Siswa Akhir KMI : Refleksi tentang Makna Hidup yang Terlupakan

    Siswa Akhir KMI : Refleksi tentang Makna Hidup yang Terlupakan

    JANGAN MAU SEPERTI KAMBING: Refleksi tentang Makna Hidup yang Terlupakan
    Apa arti kemajuan ilmu pengetahuan jika ia hanyalah tumpukan data yang tak menyentuh jiwa? Apa arti rasionalitas tanpa kehadiran nurani yang membimbingnya? Kebenaran sejati bukanlah sekadar hasil akhir, melainkan perjalanan yang dijiwai oleh iman. Tanpa itu, pencarian kita hanyalah lingkaran kosong: ilmu untuk ilmu, seni untuk seni, hidup untuk sekadar hidup. Bagai pelaut yang mengarungi samudra tanpa kompas, kita mungkin sampai di pulau, tetapi tetap tersesat dalam makna.
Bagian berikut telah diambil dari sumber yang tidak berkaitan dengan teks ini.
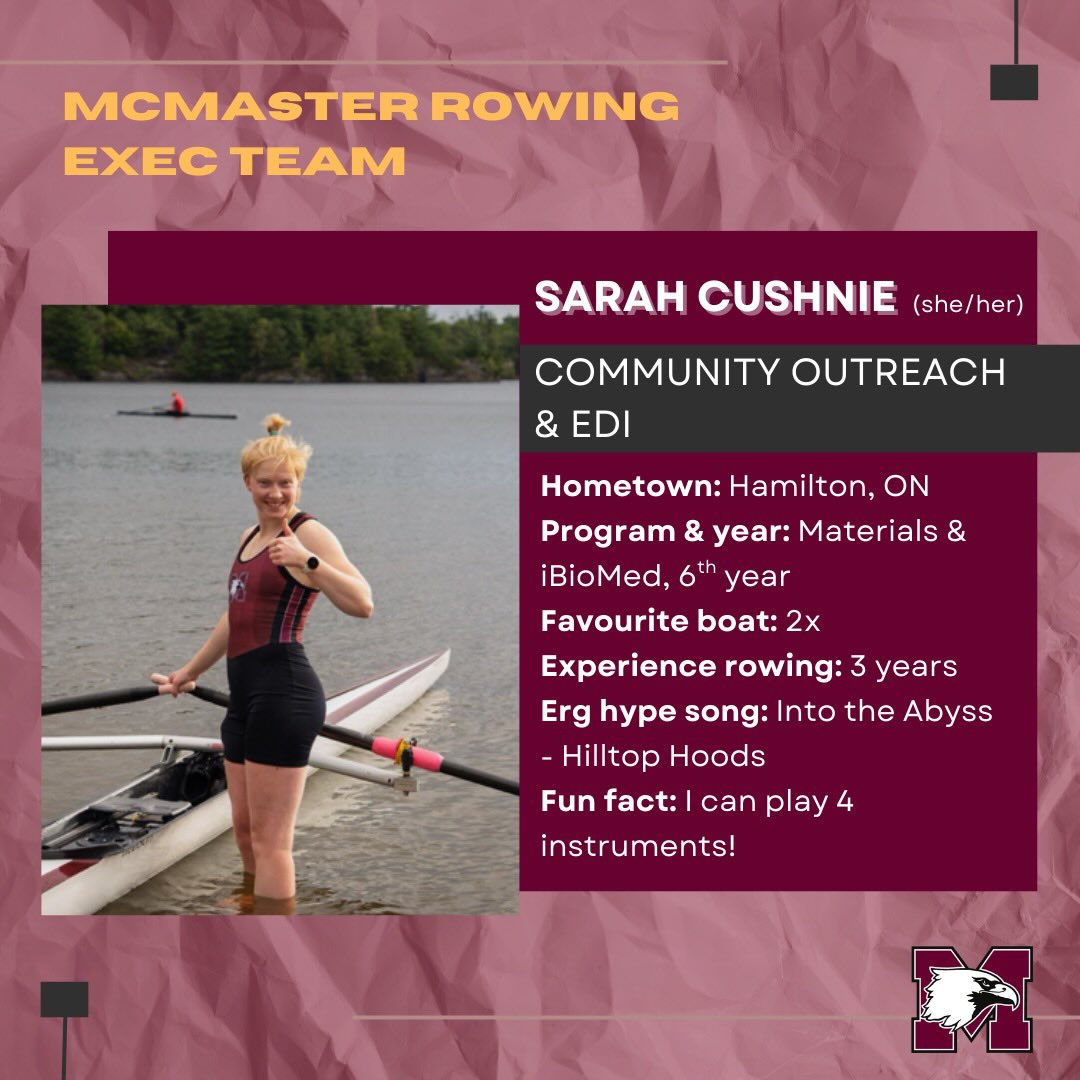 McMaster Rowing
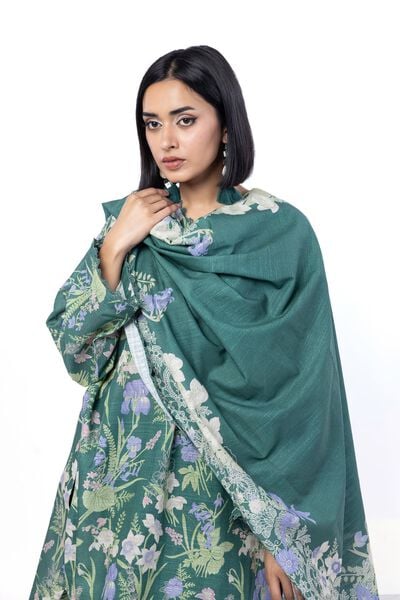 Printed | Light Khaddar | Fabrics 3 Piece | USD 30.00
    Sekolah menjadi ritual pragmatis: nilai demi ijazah, ijazah demi gelar, gelar demi pekerjaan. Lalu, apa yang tersisa setelah semua capaian itu? Rumah, mobil, gawai—simbol-simbol yang kita puja sebagai bukti “keberhasilan”. Tapi di balik tumpukan materi, jiwa kita merintih: adakah arti lebih dalam dari sekadar bertahan hidup? Ketika kebaikan kita lahir dari kelebihan harta, bukan dari kerendahan hati, bukankah kita telah mengubur kemanusiaan dalam kubangan transaksi?
    Kekayaan tanpa iman adalah perahu yang mengapung di atas lautan nihilisme. Halal dan haram diabaikan, asal keluarga terhidupi, anak tersekolahkan. Tapi lihatlah: di ujung jalan itu, koruptor merajalela, memakan bangsa sendiri. Mereka mungkin disebut “sukses”, tetapi di mata langit, mereka hanyalah pengemis yang menyembah angka—manusia yang menukar martabatnya dengan emas.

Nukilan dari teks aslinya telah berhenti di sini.